Assess the Parties’ Respective Rights Under the DTSA

Note the employee’s trade secret misappropriation civil and criminal immunity rights under the Defend Trade Secrets Act (DTSA). Ask the company’s in-house counsel to remind the employee counsel that any complaint that contains any company trade secret information must be filed under seal. Note the company’s own legal and equitable remedies under the DTSA, and under state common law, where no DTSA immunity exists.

Ask In-House Counsel to Contact the Employee’s Legal Counsel

Contact the former employee’s counsel and acknowledge receipt of the threat letter, money demand and draft complaint. If authorized by the company, have in-house counsel indicate to the employee counsel a willingness to discuss the allegations and demands. But, as a condition for the same, ask for more time than five business days and for the agreement to delay filing any lawsuit if and while the parties are talking and exploring a possible resolution.

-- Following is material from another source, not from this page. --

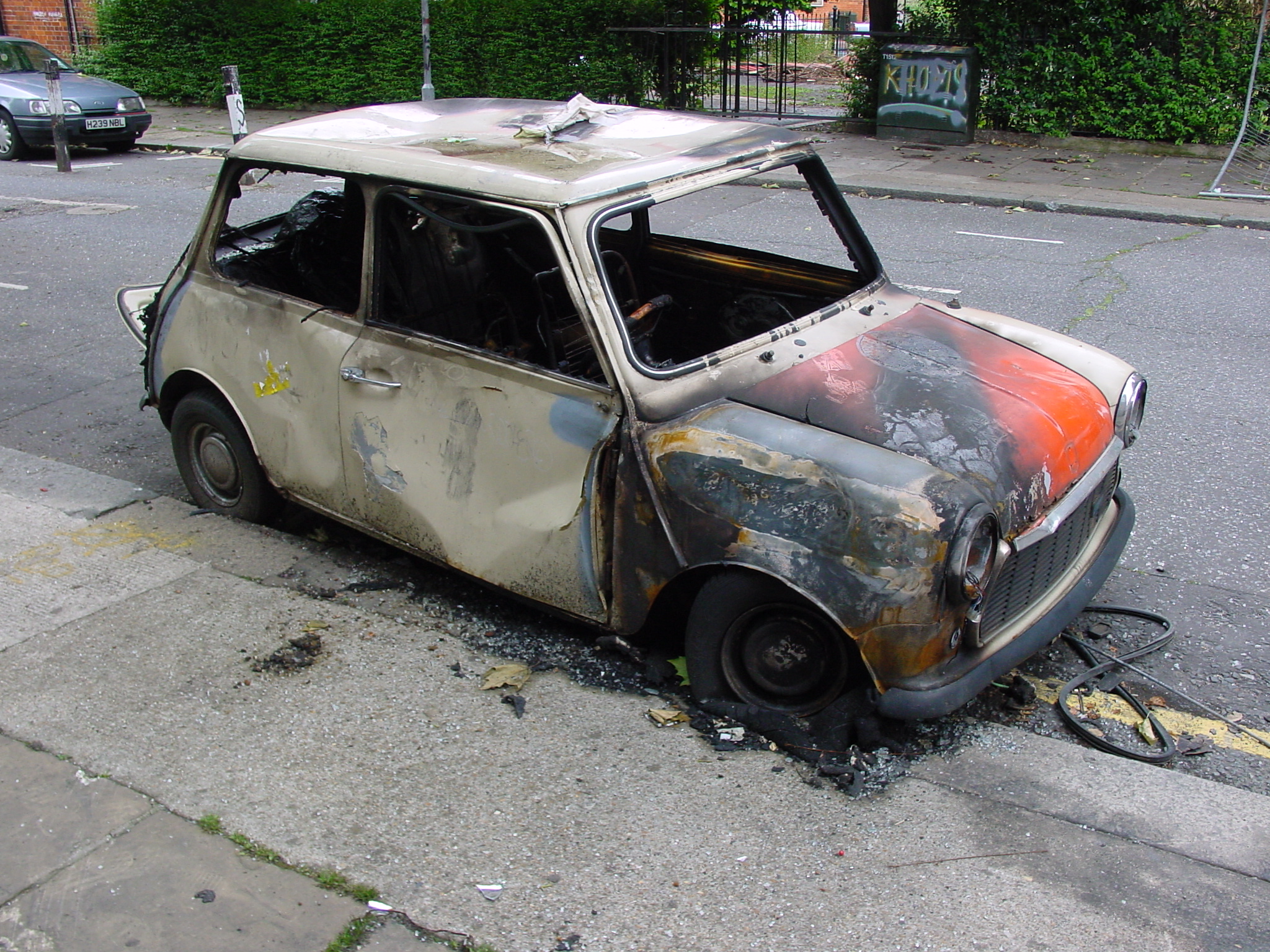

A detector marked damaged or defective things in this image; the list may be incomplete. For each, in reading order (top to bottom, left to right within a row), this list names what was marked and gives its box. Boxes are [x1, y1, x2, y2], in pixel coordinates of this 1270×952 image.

burnt-out mini car [119, 99, 1146, 724]
charred car body [119, 99, 1146, 724]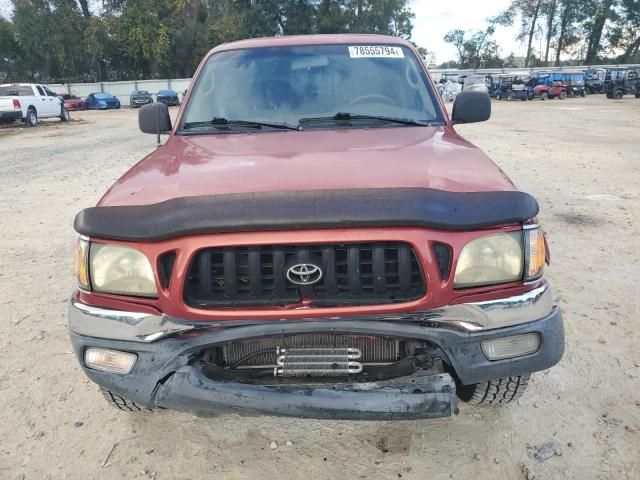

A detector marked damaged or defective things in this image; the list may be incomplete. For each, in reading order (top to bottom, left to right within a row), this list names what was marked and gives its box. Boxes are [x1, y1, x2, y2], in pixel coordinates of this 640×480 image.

damaged front bumper [67, 284, 564, 418]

Ensure They Preserve the Status Quo

The company can certainly demand the immediate return of any documents and electronically stored information (ESI) that constitute or contain confidential business information and trade secrets. But as set forth above, the employee may also have certain legal rights to possess and use the same for purposes of the whistleblowing and anti-retaliation lawsuit.

A nuanced and compromise approach is to instruct the employee counsel, in writing, about:

• The company’s rights under the NDA and the DTSA to maintain the confidentiality of its trade secret and other internal business information.
• The employee legal obligations to do the same, noting any carve-out in the NDA but including its filing-under-seal requirements.
• The company’s request that the employee preserve the confidentiality of the information and not use or disclose it for any other purpose while the parties are in discussions. In other words, for example, the employee cannot disclose the information to or use it for the benefit of a business competitor.

Another possibility is to propose downloading and transferring all such information into a secure file-sharing site, with a password-protected portal, so that both the company and the former employee and the employee counsel will have access to the same information until the matter, including any litigation, is resolved. Who pays for setting up the site, who will have access to it and who will pay to maintain it all become a matter of negotiation between the parties.

To Sue or Not to Sue

If talks and negotiation fail to reach a resolution, the company may determine it needs to sue the former salesperson to try to secure and seek the return of its confidential business information and trade secrets. Certainly, this is an option if the facts and applicable law support doing so, subject to any NDA carve-out or DTSA provision.

But keep in mind that even if there is a factual and legal basis for suing the whistleblower, doing so may create a perception that the company is trying to silence and punish the whistleblower or has something to hide. So, in drafting any lawsuit or counterclaim and in advancing litigation, keep the company reputation in mind.

Evaluate Potential Criminal Prosecution

This is a possibility under the Economic Espionage Act (and possibly under some state laws) for trade secret misappropriation. State-law criminal theft of property and/or unauthorized use of a computer system are other possibilities.

But triggering such a prosecution has its risks and challenges. Also, ethically, in-house and outside counsel cannot present or threaten to present criminal charges solely to obtain an advantage in a civil matter.

So, a threshold decision needs to be made on whether to contact criminal law enforcement right away, or to try to resolve the matter civilly and then subsequently contact law enforcement.